The most complex brain map ever created has been released by scientists, depicting the intricate inner workings of the insect mind. They state that the new map could be a crucial step into actually beginning to understand how the brain works, including how thoughts originate.
"If we want to understand who we are and how we think, part of that is understanding the mechanism of thought," said senior author Joshua T. Vogelstein, a Johns Hopkins biomedical engineer, in a statement.
"And the key to that is knowing how neurons connect with each other."

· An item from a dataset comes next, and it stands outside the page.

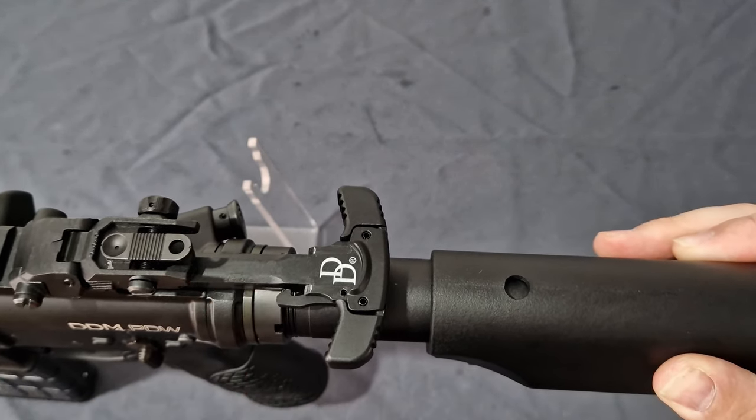Moving forward, you have the Daniel Defense modern handguard. Instead of six screws like on the Mark 18, it now uses four screws. You get a QD sling point, M-LOK at the three, six, and nine o'clock positions, with the QD point also mirrored on the other side. M-LOK is also present at ten and two o'clock, but the slots at five and seven o'clock are fake — just for aesthetics and cooling. You can just make out the mock gas block inside giving it a real look.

Created by a collaboration between Johns Hopkins University and the University of Cambridge, the map depicts a diagram of the neural connections in a larval fruit fly, which bear a lot of similarities with human brains and are regularly used as a model organism. It is the most complete diagram to date, with most other “connectomes” (a map of synapse connections within a brain) only showing a small region and not the entire organ.
To do so, the researchers had to go through the painstaking process of slicing the brains into tiny segments of tissue, before using electron microscopy to reconstruct the connections within those tissue slices. No modern advances have managed to take the intricate work out of this reconstruction, making it an incredibly slow process – this model took over a decade. For each individual neuron in the diagram, it took an entire day.
The fruit fly is perfect for the job because much of its underlying mechanisms and genetics are similar to those of humans, whilst also having a much smaller and less complex brain.
Why is it so hard to do this with humans? A mouse brain is around a million times larger than that of a baby fruit fly, and a human brain is orders of magnitude larger than that. If it takes 10 years to do a fruit fly larva, imagine how long it could take for a primate or human brain; according to researchers, it probably won’t be within our lifetimes.
Once imaged, the Johns Hopkins team used proprietary software to analyze the data and group neurons together according to predicted patterns, as well as categorizing each neuron. They discovered the densest regions were those around the learning centers of the brain.
The team hope the research can influence and inspire future brain models, but also potential machine learning architecture that can learn from the brain’s layout.
"What we learned about code for fruit flies will have implications for the code for humans," Vogelstein said.
"That's what we want to understand – how to write a program that leads to a human brain network."
The research was published in Science.